Of course, with each card dissipating 270 watts under load, you might want to invest in really big fan to keep your new TOP500 wanna-be from melting.
The dual-GPU move by AMD has at least temporarily out-flanked NVIDIA by using two mid-range Radeon GPUs to outperform its single-GPU competition, the GeForce GTX 280. Scaling out rather than up may turn out to be good strategy for GPUs — and not just for graphics apps. In the HPC space, it’s often more efficient to spread highly parallel workloads across more threads even if those threads are running more slowly than in a monolithic implementation. Even if clock speed is kept constant, it might make economic sense to populate the hardware with a number of lower performing GPUs rather than a single faster processor.
It’s interesting that in the new Radeon offerings, AMD has chosen to connect the two GPUs over a high speed bus. Although the advantages of direct GPU-to-GPU communication remain to be seen, for HPC apps, I assume it’s more important that the GPUs talk with their CPU host than with each other. But if the intent is to build a single “virtual GPU,” internal communication will be required.

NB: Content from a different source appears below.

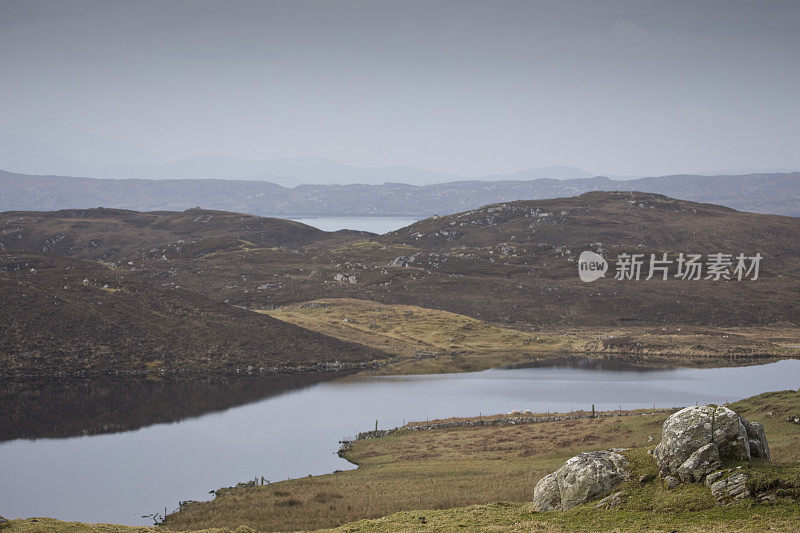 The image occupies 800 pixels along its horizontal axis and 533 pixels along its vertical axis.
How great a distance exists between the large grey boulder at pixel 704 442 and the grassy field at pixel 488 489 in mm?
658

It wouldn’t surprise me if AMD used a multi-GPU strategy to extend its HPC FireStream product, which is currently based on a single Radeon GPU. This might encourage NVIDIA to go to a dual-GPU configuration for its Tesla workstation offering, if the company is not already thinking of doing so. The real issue here is getting the software environment to work seamlessly in a multi-GPU environment. Both NVIDIA’s CUDA and AMD’s Brook+ language seem to have some level of support for multiple GPUs, but my impression is that there’s work to be done here.
The good news is that for general-purpose computing, multiple GPUs should actually scale pretty well, performance-wise. Since these devices are being used for data parallelism, as long as the ratio between GPUs and on-board memory is maintained, many applications should see near linear acceleration. Just as in the CPU arena, offering a more scalable system architecture seems destined to become a lot more important than just having the biggest GPU on the block.